6098 s. Türk Borçlar Kanunu'nda (TBK) sadakat ve özen borcu, vekilin vekil edene karşı en önde gelen borcu kabul edilmiş ve 506. maddesinde (818 s. Borçlar Kanununun 390. Maddesinde) aynen; "Vekil, vekâlet borcunu bizzat ifa etmekle yükümlüdür. Ancak vekile yetki verildiği veya durumun zorunlu ya da teamülün mümkün kıldığı hâllerde vekil, işi başkasına yaptırabilir.
Vekil üstlendiği iş ve hizmetleri, vekâlet verenin haklı menfaatlerini gözeterek, sadakat ve özenle yürütmekle yükümlüdür.
Vekilin özen borcundan doğan sorumluluğunun belirlenmesinde, benzer alanda iş ve hizmetleri üstlenen basiretli bir vekilin göstermesi gereken davranış esas alınır." hükmüne yer verilmiştir. Bu itibarla vekil, vekil edenin yararına ve iradesine uygun hareket etme, onu zararlandırıcı davranışlardan kaçınma yükümlülüğü altındadır. Vekâletin kapsamı, sözleşmede açıkça gösterilmemişse, görülecek işin niteliğine göre belirlenir. (TBK'nin 504/1) Sözleşmede vekaletin nasıl yerine getirileceği hakkında açık bir hüküm bulunmasa veya yapılan işlem dış temsil yetkisinin sınırları içerisinde kalsa dahi vekilin bu yükümlülüğü daima mevcuttur. Hatta malik tarafından vekilin bir taşınmazın satışında, dilediği bedelle dilediği kimseye satış yapabileceği şeklinde yetkili kılınması, satacağı kimseyi dahi belirtmesi, ona dürüstlük kuralını, sadakat ve özen borcunu göz ardı etmek suretiyle, makul sayılacak ölçüler dışına çıkarak satış yapma hakkını vermez. Vekil edenin yararı ile bağdaşmayacak bir eylem veya işlem yapan vekil değinilen maddenin son fıkrası uyarınca sorumlu olur. Bu sorumluluk BK'de daha hafif olan işçinin sorumluluğuna kıyasen belirlenirken, TBK'de benzer alanda iş ve hizmetleri üslenen basiretli bir vekilin sorumluluğu esas alınarak daha da ağırlaştırılmıştır.

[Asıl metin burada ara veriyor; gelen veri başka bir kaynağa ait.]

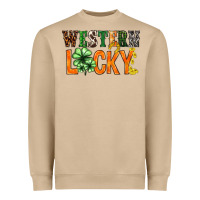 Western Lucky With Clover St. Patricks Day Heavyweight Sweatshirt | Teevron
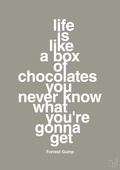 plakat: life is like a box of chocolates you never know what you're gonna get - battleship gray-Film & TV-A1two3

Öte yandan, vekil ile sözleşme yapan kişi 4721 s. Türk Medeni Kanunu'nun (TMK) 3. maddesi anlamında iyi niyetli ise yani vekilin vekalet görevini kötüye kullandığını bilmiyor veya kendisinden beklenen özeni göstermesine rağmen bilmesine olanak yoksa, vekil ile yaptığı sözleşme geçerlidir ve vekil edeni bağlar. Vekil vekalet görevini kötüye kullansa dahi bu husus vekil ile vekalet eden arasında bir iç sorun olarak kalır, vekil ile sözleşme yapan kişinin kazandığı haklara etkili olamaz.
Ne var ki, üçüncü kişi vekil ile çıkar ve işbirliği içerisinde ise veya kötü niyetli olup vekilin vekalet görevini kötüye kullandığını biliyor veya bilmesi gerekiyorsa vekil edenin sözleşme ile bağlı sayılmaması, TMK'nin 2. maddesinde yazılı dürüstlük kuralının doğal bir sonucu olarak kabul edilmelidir. Söz konusu yasa maddesi buyurucu nitelik taşıdığından hakim tarafından kendiliğinden (resen) göz önünde tutulması zorunludur. Aksine düşünce kötü niyeti teşvik etmek en azından ona göz yummak olur. Oysa bütün çağdaş hukuk sistemlerinde kötü niyet korunmamış daima mahkum edilmiştir. Nitekim uygulama ve bilimsel görüşler bu yönde gelişmiş ve kararlılık kazanmıştır.
6.3. Değerlendirme
Dosya içeriğine, toplanan delillere, delillerin takdirinde bir isabetsizlik bulunmamasına, kararın (IV./2.) no.lu bendinde yer verilen hükmüne uyulan bozma kararında gösterildiği şekilde işlem yapılmasına, kararın (IV./3.) no.lu bendinde yer verilen Mahkeme kararının dayandığı yasal ve hukuksal gerekçeye göre, yazılı şekilde karar verilmesinde bir isabetsizlik bulunmamaktadır.
V. SONUÇ:
Açıklanan nedenlerle; davacının yerinde bulunmayan temyiz itirazlarının reddiyle, usul ve yasaya ve bozma kararının gerekçelerine uygun olan hükmün ONANMASINA, 20/11/2021 tarihinde yürürlüğe giren Avukatlık Asgari Ücret Tarifesi gereğince gelen temyiz edilen davalılar vekili için 3.815,00 TL duruşma vekâlet ücretinin ve aşağıda yazılı 21,40 TL bakiye onama harcının temyiz eden davacıdan alınmasına, kararın tebliğinden itibaren 15 gün içinde karar düzeltme yolu açık olmak üzere, 29/03/2022 tarihinde oybirliğiyle karar verildi.